Qix-/better-exceptions

Multiline statements/expressions and context

Opened this issue · 3 comments

I find it annoying when tracebacks only show a single line for a frame, when that frame may be executing a multiline expression or frame and that single line leaves out critical context. I see that better_exceptions doesn't address this. Here's an example:

import better_exceptions

better_exceptions.hook()


def div(x, y):
    return y / x


a = 1
b = 0
div(
    b,
    a,
)

Output:

Traceback (most recent call last):
  File "/Users/alexhall/Library/Preferences/PyCharm2018.3/scratches/scratch_400.py", line 14, in <module>
    a,
    └ 1
  File "/Users/alexhall/Library/Preferences/PyCharm2018.3/scratches/scratch_400.py", line 7, in div
    return y / x
           │   └ 0
           └ 1
ZeroDivisionError: division by zero

In particular this doesn't show the function div or the argument b (which causes the exception) at the top.
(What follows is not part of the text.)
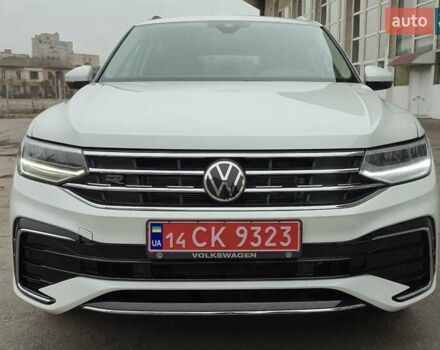 Білий Фольксваген Тігуан, об'ємом двигуна 2.01 л та пробігом 15 тис. км за 27700 $, фото 4 на Automoto.ua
It seems that multiline function calls generally show the last line containing significant tokens (i.e. not the trailing )) which is often not going to be what the user wants.

There was a discussion about solving this and showing all the lines of a multiline statement in the traceback: https://bugs.python.org/issue12458 It doesn't look like that's going to happen anytime soon, but a change has been merged which shows the first line instead of the last, so in the example above it shows div( in Python 3.8 (I just tested it).
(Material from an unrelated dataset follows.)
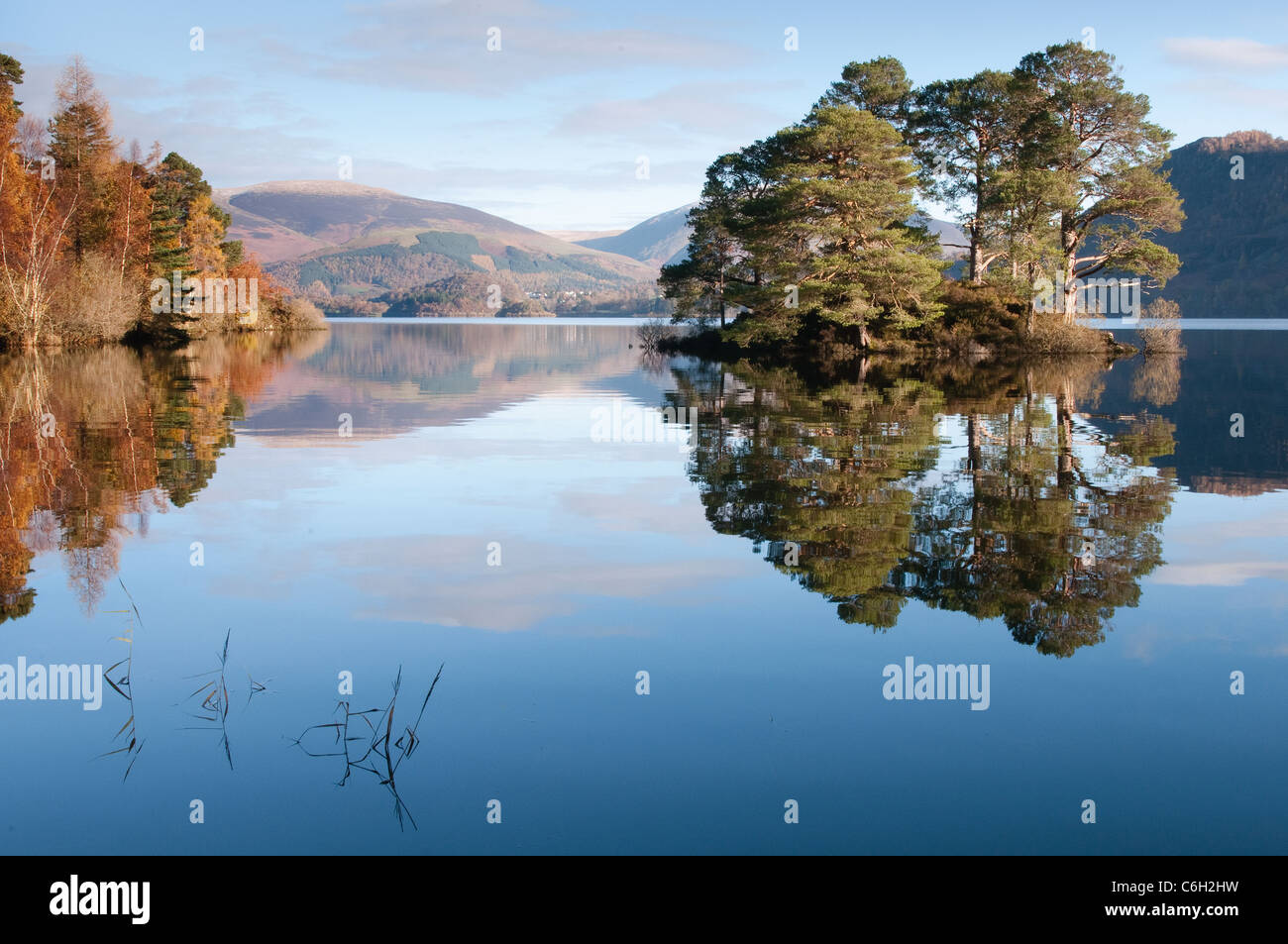 Réflexions d'automne sur Derwentwater dans le Lake District Banque D'Images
Some tools such as IPython (https://github.com/Qix-/better-exceptions/issues/10#issuecomment-513497696) and Sentry show a few lines of context before and after the line that the traceback points to. This context may be useful in its own right and some users may want something like that. But I don't know how useful it is and it makes tracebacks significantly longer. I don't think that should be the default. And I suspect it's partly done as a crude solution to the multiline statement problem.

It's easy to parse the source file and find the statement node containing a given line. I've done it in other projects. We'd need to think a bit about what to display for compound statements (e.g. if statements) but overall I think it's very doable. Then we can show the whole statement being executed without unwanted additional context. In most cases it would still be just one line.

The obvious problem is how to format the display of variables when showing multiple lines of source code. I'd like to brainstorm this issue. Some thoughts:

  1. The current system of labels with vertical lines looks great. I think it should still be used where possible, even if that introduces inconsistency and some frames are displayed differently from others.
  2. For statements with two lines, the current system can still work by showing variables both above and below the source lines, i.e. some label lines point up and others down, and the whole thing would look somewhat symmetric. The problem really arises with 3 or more lines.
  3. Theoretically we could just insert the current variable labels below each line, so the variables and source lines would be interleaved. This is probably a bad idea as it would make the source much less readable.
  4. The simplest option is to just list the variables below the source lines.
    1. https://github.com/cknd/stackprinter enhances this method slightly by highlighting each variable in the source and in the list with a unique colour instead of using syntax highlighting. I don't know if this actually improves readability.
    2. It may be useful to (optionally?) show all the local variables in a frame and not just the ones directly relevant to a line or statement. This is probably the only suitable way to do that.
  5. Variables could be shown at the end of a line. This is what the PyCharm debugger does:
    Screen Shot 2019-07-20 at 22 26 29
    However horizontal space runs out fast.
  6. Similar to point 1, a single frame could have multiple systems for displaying variables, e.g. a mix of 2, 4, and 5. But that would probably be confusing and a bad idea.
  7. One day we may want to display the value of expressions like a[b] where evaluating that is safe, e.g. if type(a) is dict. The current system of labels would not work well for labelling all three of a, b, and a[b].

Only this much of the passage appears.